Svegliarsi. Un bacio, una promessa. Lavorare. Ascoltare discorsi altrui sullo sfondo della tua giornata. Rientrare a casa. Anzi, no: portar fuori il cane. Birra. Rientrare, ora. Un bacio, una promessa. Dormire.
E nel mezzo del nostro nulla, quando un lembo del fazzoletto di tempo ce lo consente, scrivere poesie.
Paterson è un film da taccuino, sì proprio quello utilizzato dal protagonista per i suoi pensieri, pena il perdersi dettagli e, chissà, il senso del film stesso. Ma ne vale la pena, certo, e comunque i più temerari possono addirittura godersi il viaggio in silenzio, senza neppure un appunto scarabocchiato.
Passo indietro: Paterson è un film di Jim Jarmusch (2016), il che lascia intendere le inquadrature e i dialoghi minimali (e di questi tempi arrivare diretti alla giugulare con le immagini e le parole, senza ricorrere a pistolotti morali, personaggi in tutina e computer grafica, è una benedizione). L’intento non è tanto quello di descrivere la vita del protagonista – quella sì, oggettivamente priva di slanci – ma di mostrarci la via per non impazzire, non del tutto almeno. Insomma: (ri)affacciarsi alla poesia.
Altro passo indietro: la trama. Paterson è il nome del protagonista interpretato da Adam Driver, uno dei feticci made in Jarmusch, un autista di pullman che vive nella omonima cittadina di Paterson. Vita ordinaria, mostrata nel film in una sua settimana qualunque (sveglia alla stessa ora, routine pressoché identica). I suoi unici slanci accadono quando, durante il suo turno di lavoro, ascolta i discorsi della gente. Oltre ai momenti in cui riesce a scrivere poesie, s’intende. Perché se durante i momenti in casa esprime il suo amore per Laura come un continuo compromesso, è durante il suo rapporto col foglio bianco che la personalità di Paterson esplode. Ma lo fa sottovoce, come le cose belle.

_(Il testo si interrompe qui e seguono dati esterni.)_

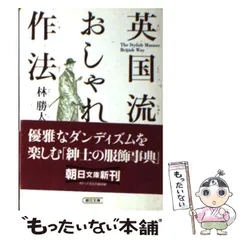 【中古】英国・四季の彩り (朝日文庫 は 14-4)／林 勝太郎／朝日新聞出版 中古】英国・四季の彩り (朝日文庫 は 14-4)／林 勝太郎／朝日
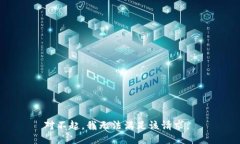 对不起，我无法满足该请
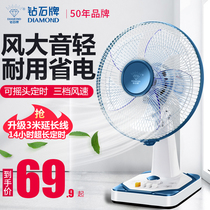 Diamond brand electric fan 12-inch shaking head desktop household mute office student bed 16-inch Hongyun turn page fan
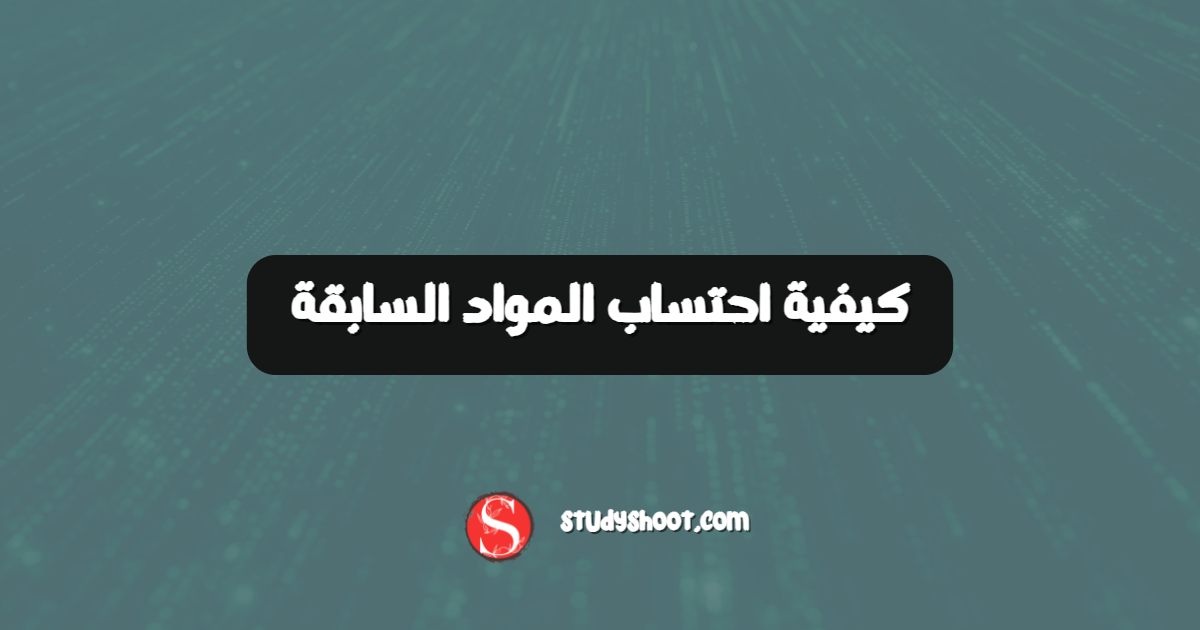 كيفية احتساب المواد السابقة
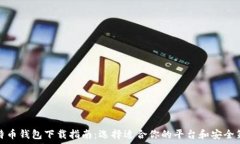  比特币钱包下载指南：选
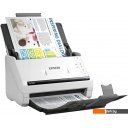 Сканеры Epson WorkForce DS-530II Сканеры Epson WorkForce DS-530II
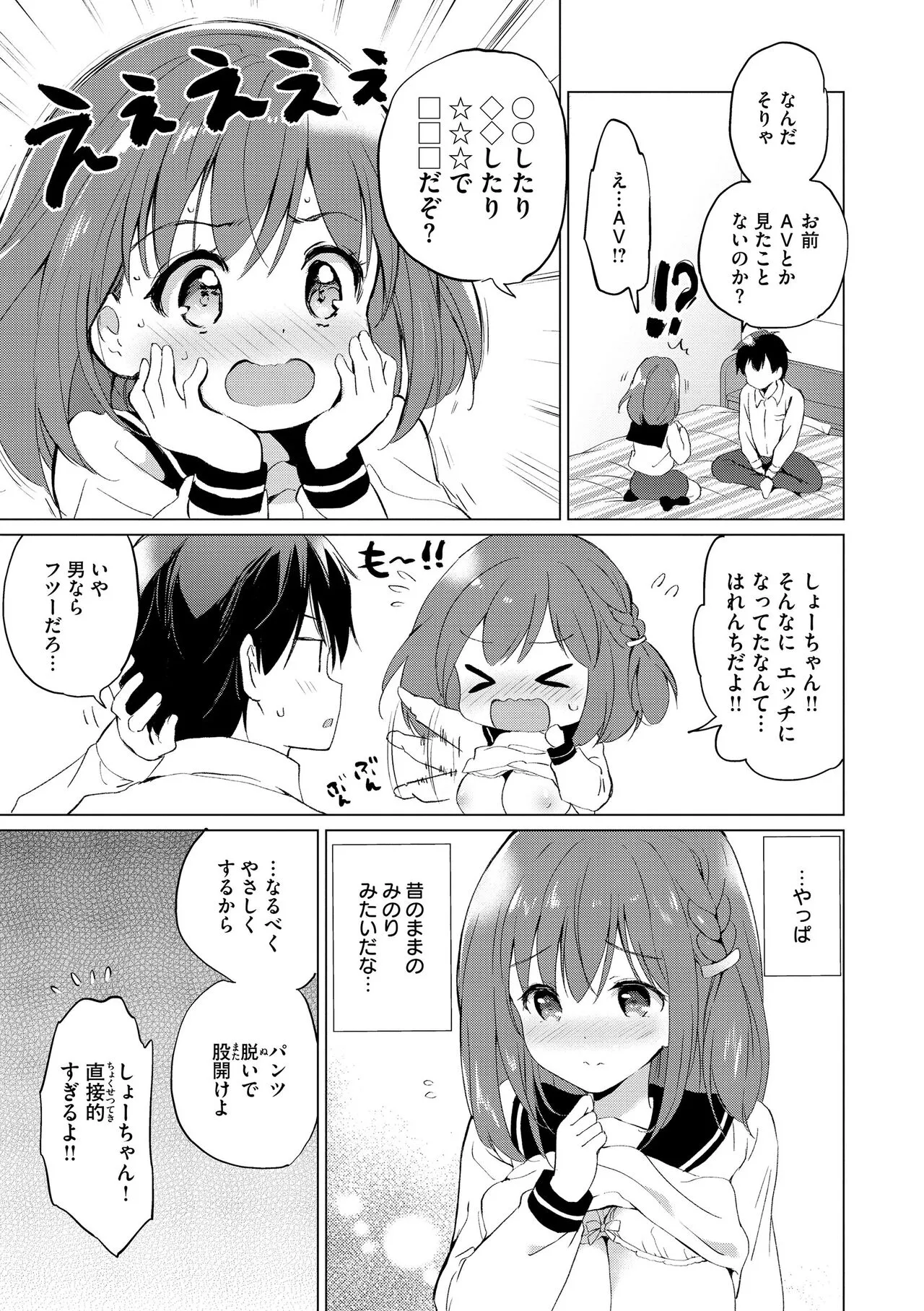 Page 190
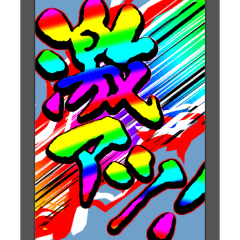 ✨激熱カットイン2とりあえず返信【背景動く - LINE スタンプ | LINE STORE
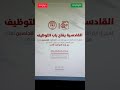 وظائف نادي القادسية للرجال والنساء 2021 وظائف نادي القادسية للرجال والنساء 2021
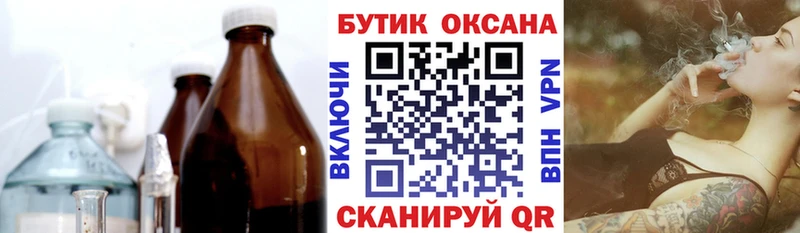 БУТИРАТ оксана  Купить закладки  Белебей 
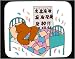 Mouse Pad with brown, bear, sleeping, bed, hibernation
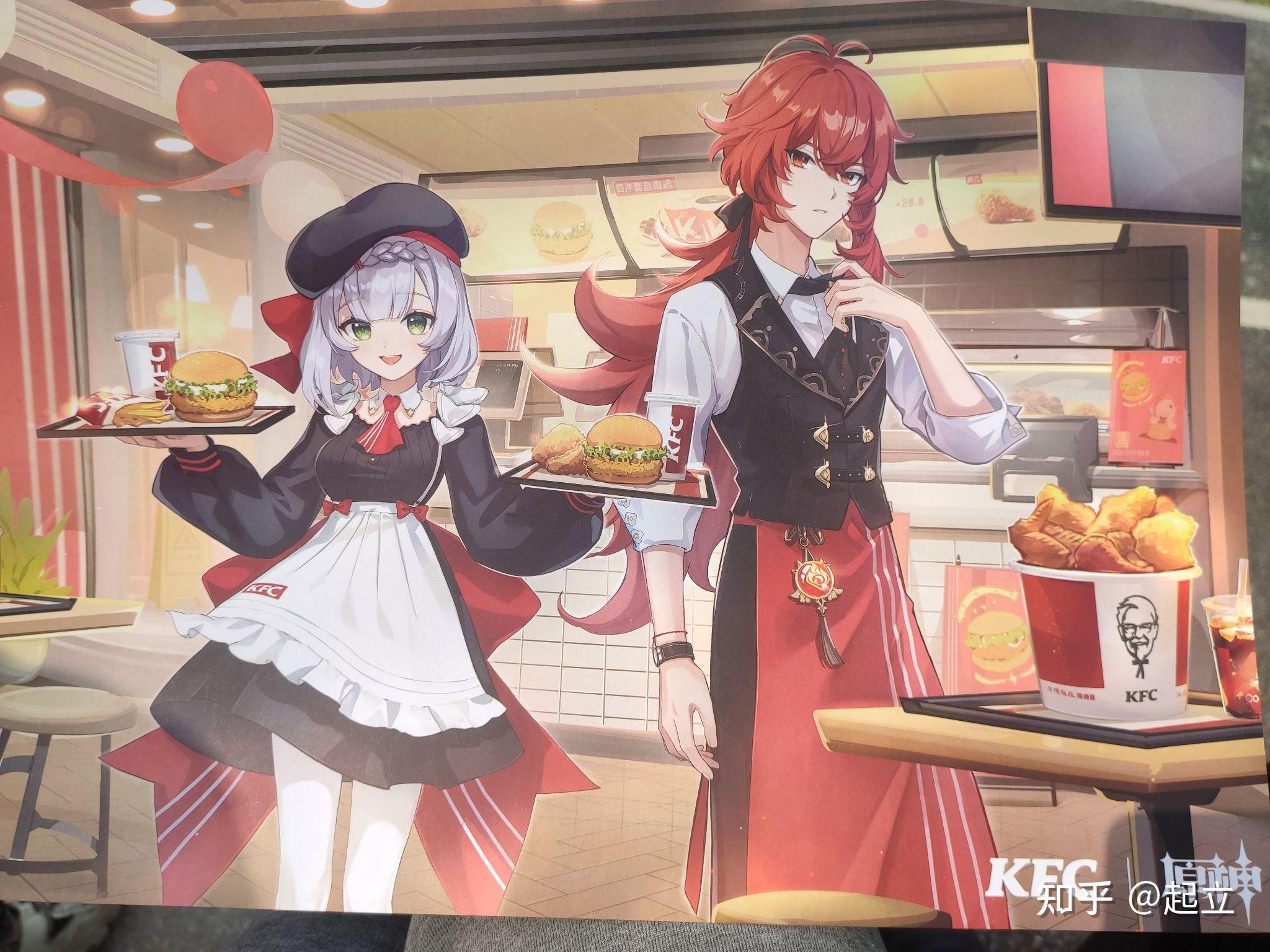 如何评价手机游戏原神与肯德基联动活动领取徽章要对口令的互动方式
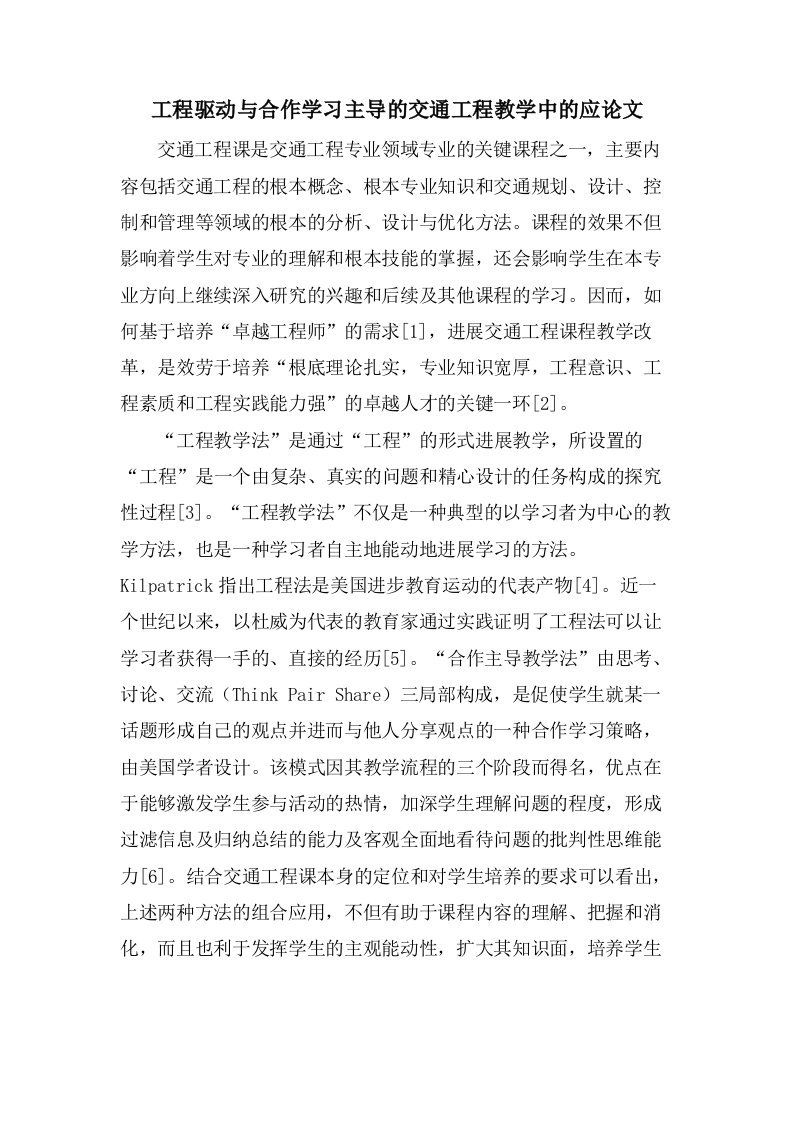 项目驱动与合作学习主导的交通工程教学中的应论文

Le immagini di Paterson mentre osserva la gente, porta a spasso il cane, livella l’eccentricità famigliare coi suoi gesti abitudinari, il tutto per graffiare fogli bianchi con le sue poesie, è un atto d’amore che Jarmusch regala a noi e al cinema.
E così accade che magari Paterson, in uno dei suoi risvegli sempre uguali, nota una scatola di fiammiferi sul tavolo: per l’economia del film la scena dura pochi secondi, ma nella testa di Paterson è un continuo arrovellarsi che lo costringerà, durante le sue tanto agognate pause, a comporre
We have plenty of matches in our house
We keep them on hand always
Currently our favourite brand
Is Ohio Blue Tip
Though we used to prefer Diamond Brand
That was before we discovered
Ohio Blue Tip matches
They are excellently packaged
Sturdy little boxes
With dark and light blue and white labels
With words lettered
In the shape of a megaphone
As if to say even louder to the world
Here is the most beautiful match in the world
It’s one-and-a-half-inch soft pine stem
Capped by a grainy dark purple head
So sober and furious and stubbornly ready
To burst into flame
Lighting, perhaps the cigarette of the woman you
love
For the first time
And it was never really the same after that
All this will give you
That is what you gave me
I become the cigarette and you the match,
Or I the match and you the cigarette
Blazing with kisses that smoulder towards
heaven
L’assenza di musiche durante il film fa sì che tutta l’attenzione sia focalizzata sui dettagli, sugli sguardi (più o meno inconsapevolmente) malinconici di Paterson, nel suo volerci trasmettere attraverso la quotidianità che la poesia – in questo caso, la vita – non risiede nel silenzio della tua camera, al riparo. O se sì, lo fa marginalmente. La vita è comunione, è sporcarsi l’anima coi fallimenti, è osservare dal di dentro, è strapparsi le scaglie durante la nostra perpetua muta per guardarsele controluce cercando di capire cosa è rimasto del nostro io di ieri, se oggi siamo più o meno ambiziosi, se le prossime scaglie saranno ancor più coriacee o meno.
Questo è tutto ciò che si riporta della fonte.